Published: 28th Sep 2015

david-boyle-240x300High streets are having a tough time these days, as everyone knows, thanks to out-of-town shopping, internet shopping, transport and parking difficulties and other changes in the way people live.  But for some reason, the situation is worse in Wales.

Yes shop vacancy rates in Wales are falling but they are still well above the UK average of about ten per cent.

One of the reasons why this is tough for high streets is that it is tough for retailers everywhere. Within the space of a year or so, the out of town retail lobby has turned defensive as it is clear that it is the last generation’s out of town investments that are most under threat from online shopping – which has now reached ten per cent of sales.

In the USA, shopping malls are more sharply in decline, A fascinating book of photographs by Seph Lawless is filled with the abandoned white elephants, with creepers growing up their escalators.

Surprise figures in 2013 showed that out-of-town stores are declining faster than high streets.  Retail Gazette in the UK has warned that ‘there is a danger that larger spaces will turn into empty buildings, with only tumbleweed passing through them’.

But why is it worse in Wales? Perhaps because, for all the rhetoric about new, more humane approaches to economics, Welsh policy has been more in thrall to the old ways than almost anywhere else.

Wales can innovate more than almost anywhere else in the UK.

It needs to look to its own people as the basis for the new resilient wealth of Wales.

The problem has been that Welsh planners seem to have embraced the idea of out-of-town shopping more enthusiastically than other regions – for reasons that are not clear – with disastrous results for the high streets.  Wales has had a greater proportion of retail out of town than the whole of the UK since 2008 and the gap has widened since.

This seems to be one explanation for the plight of Welsh high streets.  Out-of-town retailing sucks the economic life out of high streets, and it follows that the impact has been greater in Wales.

Why has Wales fallen for the beggar-my-neighbour style of retail development more enthusiastically? Perhaps because, very briefly, retail development seemed to offer a way out for deindustrialised regions. It looked for a moment like a get-out-of-jail free card.

Since then, they have allowed retail space in Wales to be dominated increasingly by fewer, less responsive landlords who are more able to tolerate vacancies without reducing rents.

It is a peculiar contradiction – on the one hand, Wales regeneration authorities are putting genuine resources behind a new co-ops sector. On the other hand, they remain wedded to the idea that investment – if they can attract any – will trickle down to the poorest.

The Wales economy is certainly tricky, with former coalfield communities and very rural areas, skills shortages and ill-health. More than anywhere else, they need to rethink the way that regeneration will happen. They have been wedded to big, ineffective regeneration for too long, and it’s time to try something else.

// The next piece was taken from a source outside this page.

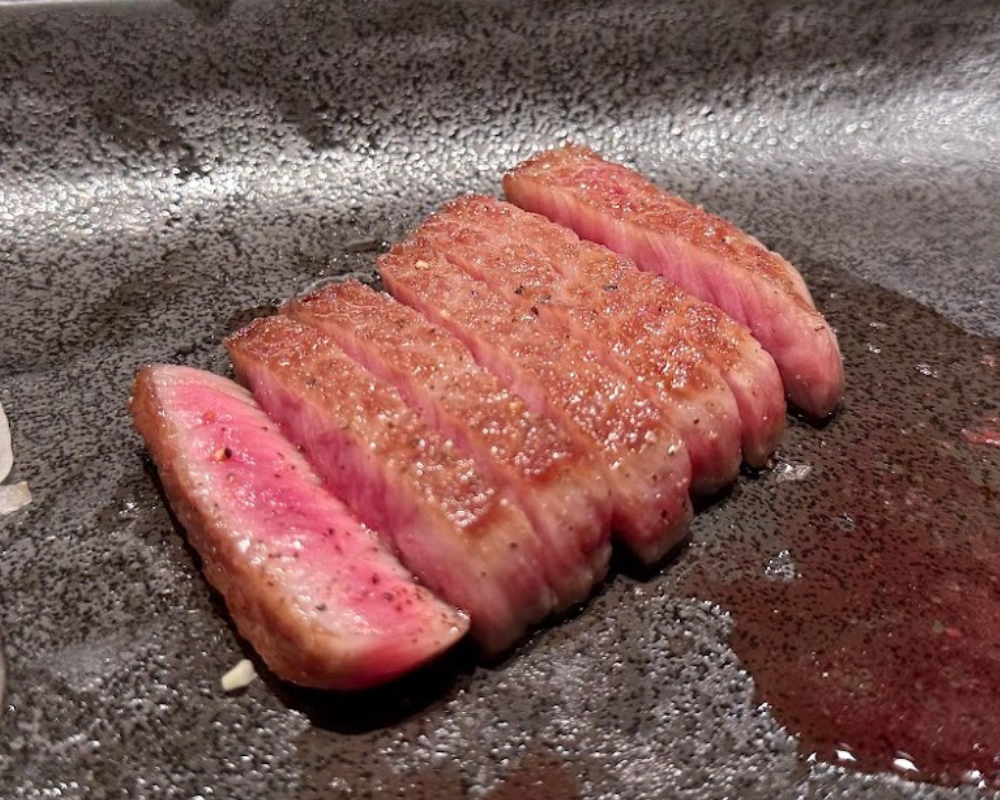 銀座のステーキ 銀座本店 メニュー A5黒毛和牛霜降肉と赤身肉のステーキコース 霜降肉と赤身肉の鉄板ステーキ 食べ放題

In short, Wales needs a strategy to build a thriving small enterprise sector at local level, which means providing a revolution in the access to finance and investment for SMEs.

It needs a strategy that can allow for places to make better use of the economic resources they have. And, more than almost anywhere else, they badly need a new generation of local financial institutions to make it possible.

Ironically, Wales has a devolved government. They can innovate more than almost anywhere else in the UK. They need to look to their own people as the basis for the new resilient wealth of Wales, rather than waiting hopelessly – peering out into the future – waiting for the grants or investment that never quite comes.